COLLECTED DATA: Begin

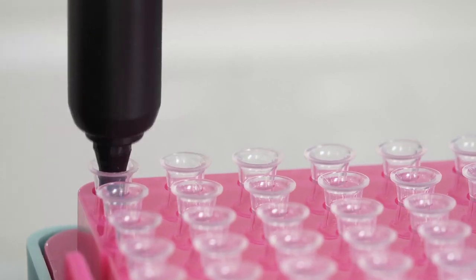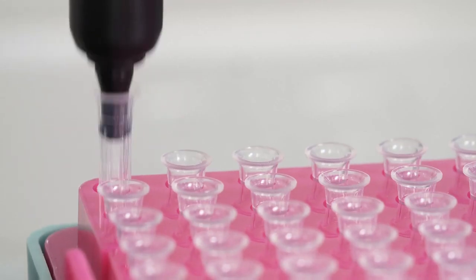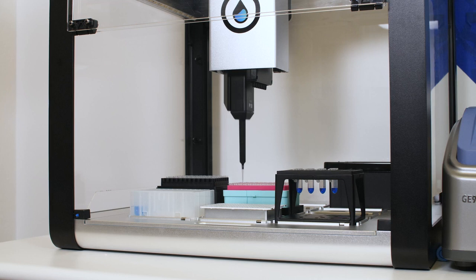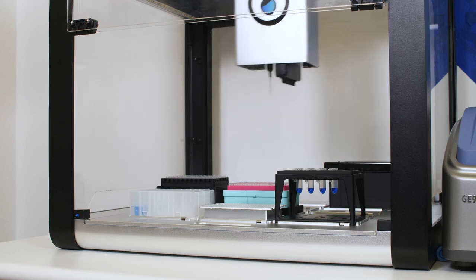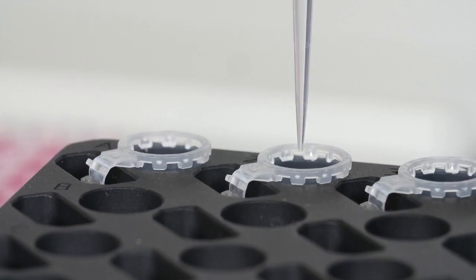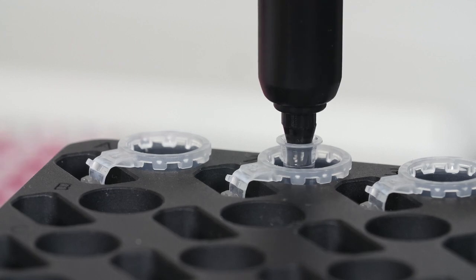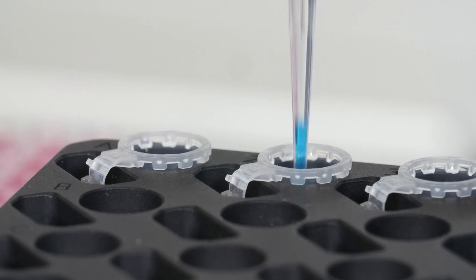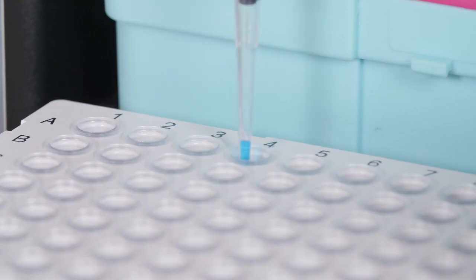The OT2 will start by distributing MasterMix into your reaction plate or PCR-8 strip, and then mix your samples with the MasterMix, potentially saving you and your team hours of repetitive pipetting every week.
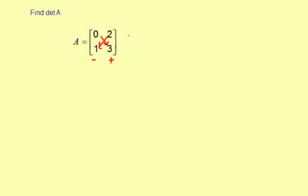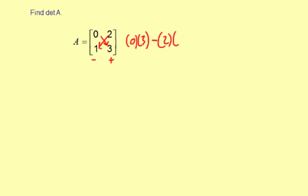So it works out as 0 times 3, minus 2 times 1, which is 0 minus 2, which is negative 2.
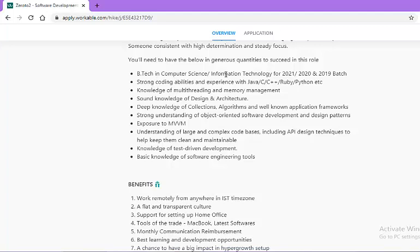You should have strong coding abilities and experience with Java, C, C++, Ruby, and Python, etc. Knowledge of multi-threading and memory management.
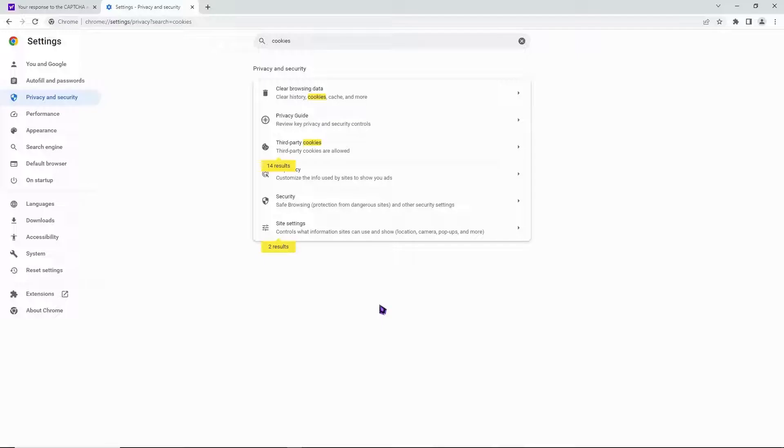Then click on 'clear data'. After that, you're done. Now just go back to Steam and you can see the problem is solved.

COLLECTED DATA: End

▶ REQUIRED ACTION:
The expected output is the complete listing, word for word, without any picture.

▶ ANSWER TO THIS TASK:
The OT2 will start by distributing MasterMix into your reaction plate or PCR-8 strip, and then mix your samples with the MasterMix, potentially saving you and your team hours of repetitive pipetting every week.
So it works out as 0 times 3, minus 2 times 1, which is 0 minus 2, which is negative 2.
You should have strong coding abilities and experience with Java, C, C++, Ruby, and Python, etc. Knowledge of multi-threading and memory management.
Then click on 'clear data'. After that, you're done. Now just go back to Steam and you can see the problem is solved.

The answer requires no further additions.